[Opening Raw data section]

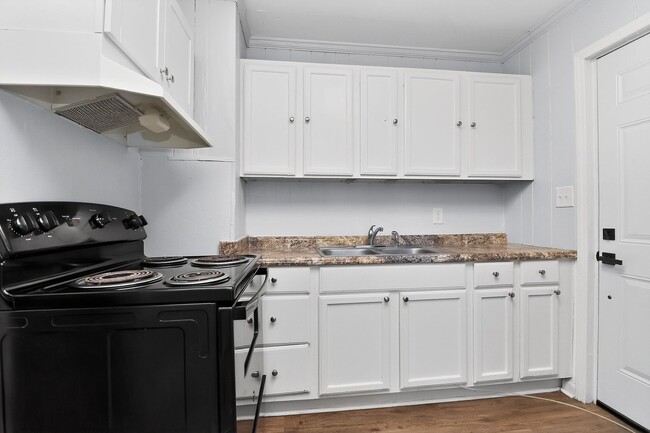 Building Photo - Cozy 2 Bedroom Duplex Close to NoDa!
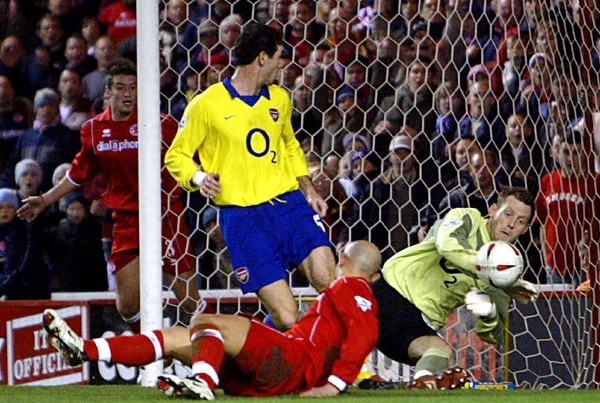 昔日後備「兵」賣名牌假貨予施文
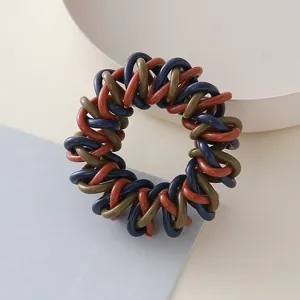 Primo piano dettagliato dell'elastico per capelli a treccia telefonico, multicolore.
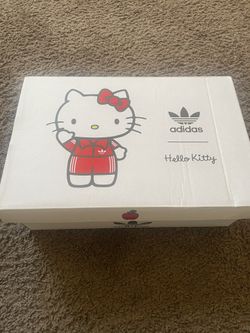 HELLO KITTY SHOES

[Closing Raw data section]

[What to do]:
Starting at the line with "Primo piano dettagliato", output each line through the final one of the listing above, and nothing else. Pictures are to be left out.

[Response for this exercise]:
 Primo piano dettagliato dell'elastico per capelli a treccia telefonico, multicolore.
 HELLO KITTY SHOES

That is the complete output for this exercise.